# INSTRUCTIONS TO FOLLOW
Quote, word for word, only the lines running from the line with "Horse Color:Silver Amber Champagne Frame" through the end of the listing. Leave out the pictures.
━━━ SUPPLIED DATA
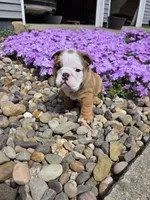 Mickey, a male English Bulldog for sale in Bidwell, OH – Photo 8 of 8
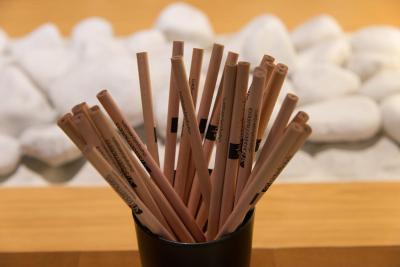 تیلسیت اتویل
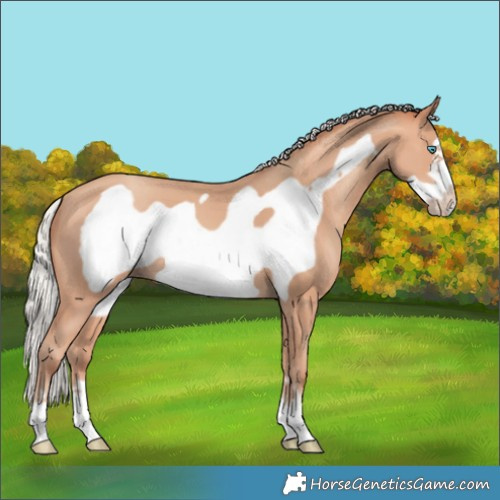 Horse Color:Silver Amber Champagne Frame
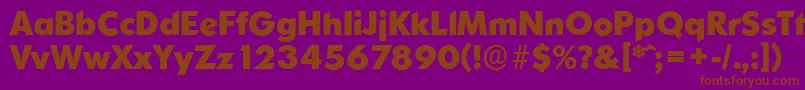 OrnitonsserialXboldRegular Font – Brown Fonts on Purple Background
━━━━━━
# ANSWER TO THIS TASK
 Horse Color:Silver Amber Champagne Frame
 OrnitonsserialXboldRegular Font – Brown Fonts on Purple Background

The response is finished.